**Task to carry out:** Set down exactly the lines in the records below that run from the line with "Een bureau, een" to the line with "presidential suite |", inclusive, and nothing more.

**Extracted entries:**
##############################
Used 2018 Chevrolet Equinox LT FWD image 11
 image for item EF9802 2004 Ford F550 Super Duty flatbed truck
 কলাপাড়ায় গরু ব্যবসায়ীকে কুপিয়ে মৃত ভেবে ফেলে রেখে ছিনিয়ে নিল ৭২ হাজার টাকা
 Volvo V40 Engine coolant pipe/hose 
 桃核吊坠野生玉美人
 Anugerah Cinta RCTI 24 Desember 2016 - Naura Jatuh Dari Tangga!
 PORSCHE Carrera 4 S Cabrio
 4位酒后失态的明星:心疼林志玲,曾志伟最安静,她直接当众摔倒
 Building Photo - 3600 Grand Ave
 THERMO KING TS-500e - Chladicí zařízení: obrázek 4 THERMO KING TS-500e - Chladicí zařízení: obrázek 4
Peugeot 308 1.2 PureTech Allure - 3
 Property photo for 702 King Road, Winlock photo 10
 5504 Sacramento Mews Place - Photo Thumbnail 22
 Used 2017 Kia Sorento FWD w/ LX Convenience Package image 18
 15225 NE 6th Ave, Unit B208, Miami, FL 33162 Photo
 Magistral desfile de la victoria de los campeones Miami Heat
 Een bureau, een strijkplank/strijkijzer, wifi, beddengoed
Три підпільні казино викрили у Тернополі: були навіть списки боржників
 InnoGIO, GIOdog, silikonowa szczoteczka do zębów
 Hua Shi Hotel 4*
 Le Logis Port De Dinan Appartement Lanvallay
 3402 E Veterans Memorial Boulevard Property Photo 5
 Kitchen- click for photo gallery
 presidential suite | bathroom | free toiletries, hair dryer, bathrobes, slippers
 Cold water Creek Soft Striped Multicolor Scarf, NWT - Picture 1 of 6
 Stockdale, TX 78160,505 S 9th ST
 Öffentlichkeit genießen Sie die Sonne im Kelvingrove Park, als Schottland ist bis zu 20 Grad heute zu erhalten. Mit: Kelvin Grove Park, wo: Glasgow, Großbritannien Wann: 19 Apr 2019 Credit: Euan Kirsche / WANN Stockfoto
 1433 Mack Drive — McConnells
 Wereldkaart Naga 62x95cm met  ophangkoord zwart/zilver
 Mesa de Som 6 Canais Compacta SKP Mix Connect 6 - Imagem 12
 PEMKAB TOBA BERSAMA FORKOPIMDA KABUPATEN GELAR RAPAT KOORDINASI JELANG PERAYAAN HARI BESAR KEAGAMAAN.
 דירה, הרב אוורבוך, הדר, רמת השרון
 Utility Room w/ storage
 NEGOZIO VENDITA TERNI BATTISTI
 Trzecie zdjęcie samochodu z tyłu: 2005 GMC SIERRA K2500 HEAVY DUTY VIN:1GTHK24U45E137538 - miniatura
##############################
**Exercise output:**
 Een bureau, een strijkplank/strijkijzer, wifi, beddengoed
Три підпільні казино викрили у Тернополі: були навіть списки боржників
 InnoGIO, GIOdog, silikonowa szczoteczka do zębów
 Hua Shi Hotel 4*
 Le Logis Port De Dinan Appartement Lanvallay
 3402 E Veterans Memorial Boulevard Property Photo 5
 Kitchen- click for photo gallery
 presidential suite | bathroom | free toiletries, hair dryer, bathrobes, slippers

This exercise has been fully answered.